Quoting Steve Reinhardt <[email protected]>:
On Tue, Jul 13, 2010 at 11:20 AM, Gabe Black <[email protected]> wrote:
I can't say it was -the- reason, but one reason is that the TLBs as is
don't actually send the packets for the CPU, so they can't split
anything into multiple transactions easily. I'm intrigued by the idea of
putting the TLB behind a port or port like interface, maybe even
exporting the TLB outside of the CPU's guts and putting it inline with
external accesses.
I see from your subsequent email that you've already thought of some
drawbacks to this... I agree it's nice in the common case, but has the
problem that it constrains the pipeline design perhaps more than you
really want to. We're probably better off finding a way to embed two
physical addresses in a Request.
I'd rather not pollute the Request objects with this stuff. What would
happen if (and I'm not saying we'd want to) we decide we need to
support accesses split into three pieces? Then we'd have all these
request objects with three addresses in them when 99% of the time they
only needed one. I like the idea of the separation happening before
the packets/requests are sent out with just enough baggage attached to
put it all back together when the pieces come back.
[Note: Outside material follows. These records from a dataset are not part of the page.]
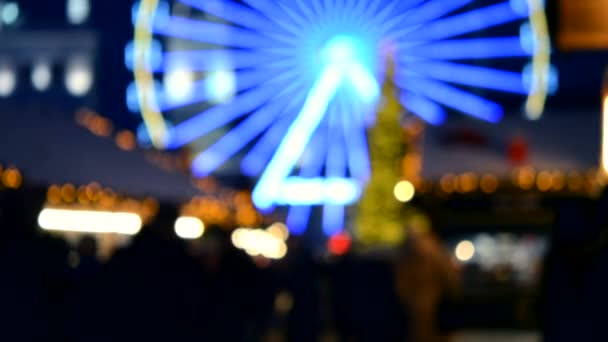 Ferris Wheel Decorated Blue Illumination Christmas Tree Black Silhouettes People — Stock Video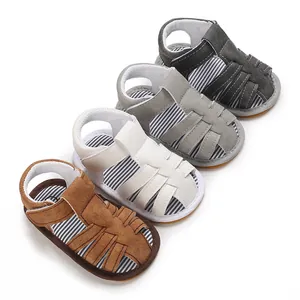 Detalle de sandalias para bebés en marrón, blanco y gris con suelas de goma suave de verano
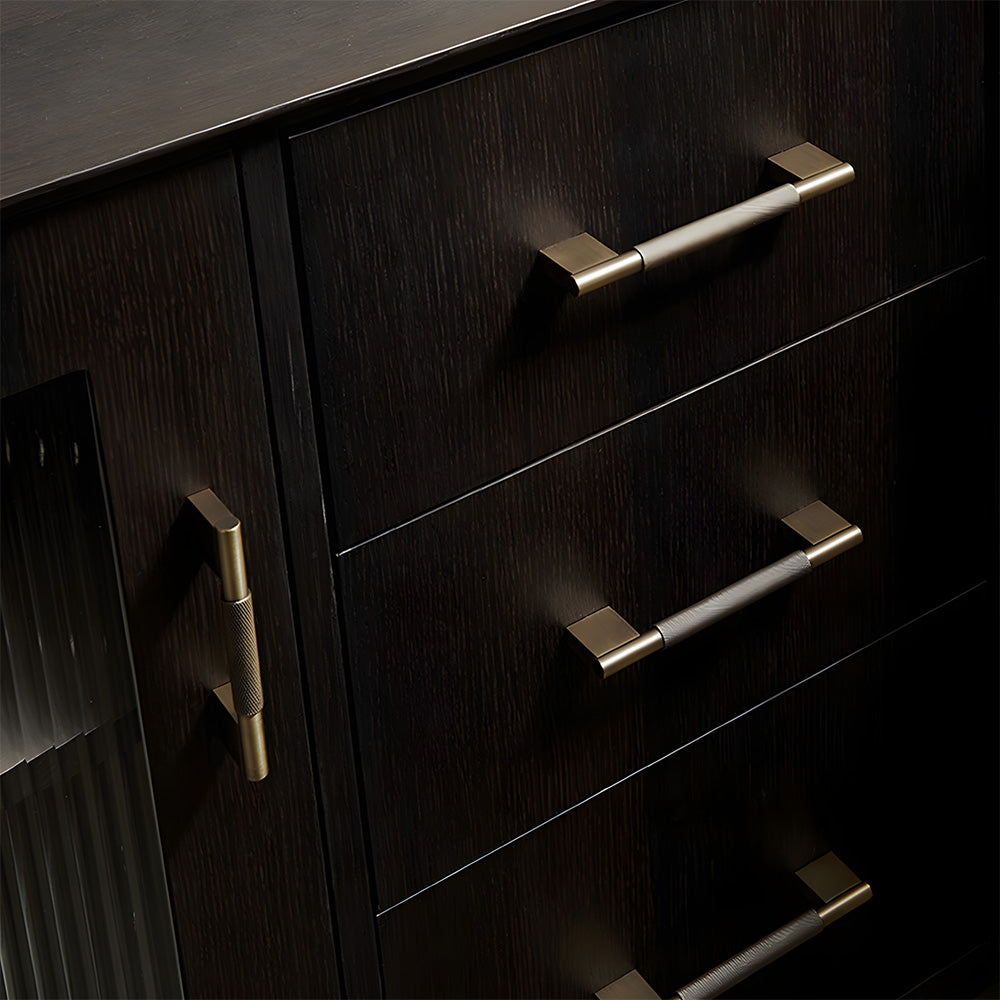 Knurled brass cabinet pull with rectangular mounts and knob, displayed from the side installed on cabinetry in context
There are three problems with that, though. First,
the TLB would likely need some alternative way to pass a fault back to
the CPU. Maybe the request would have a fault pointer field?
Adding a field to contain a fault code seems pretty simple.
Second, the
TLB is the thing that recognizes when an access is to memory mapped
control state within the CPU. It would need a way to communicate with
the CPU to get/set those values.
Or better yet just to communicate back to the CPU that it needs to
access its internal state. Is it possible to remap this memory-mapped
state to virtual addresses? If not, we could even move that check out
of the TLB and into the CPU (not saying that's the best thing, just
that it would be a possibility).
There are accesses like wrmsr and rdmsr in x86 that know they're going
for internal state with an address like index and purposefully flag
the virtual address as such, but then there are also regions of the
per CPU physical address space like the local APIC page that pretty
much need to be checked after translation. You could do this in two
passes, one before and after translation, but that's a less flexible
approach and seems more cumbersome compared to doing it in the TLB
where all information is avaiable at once.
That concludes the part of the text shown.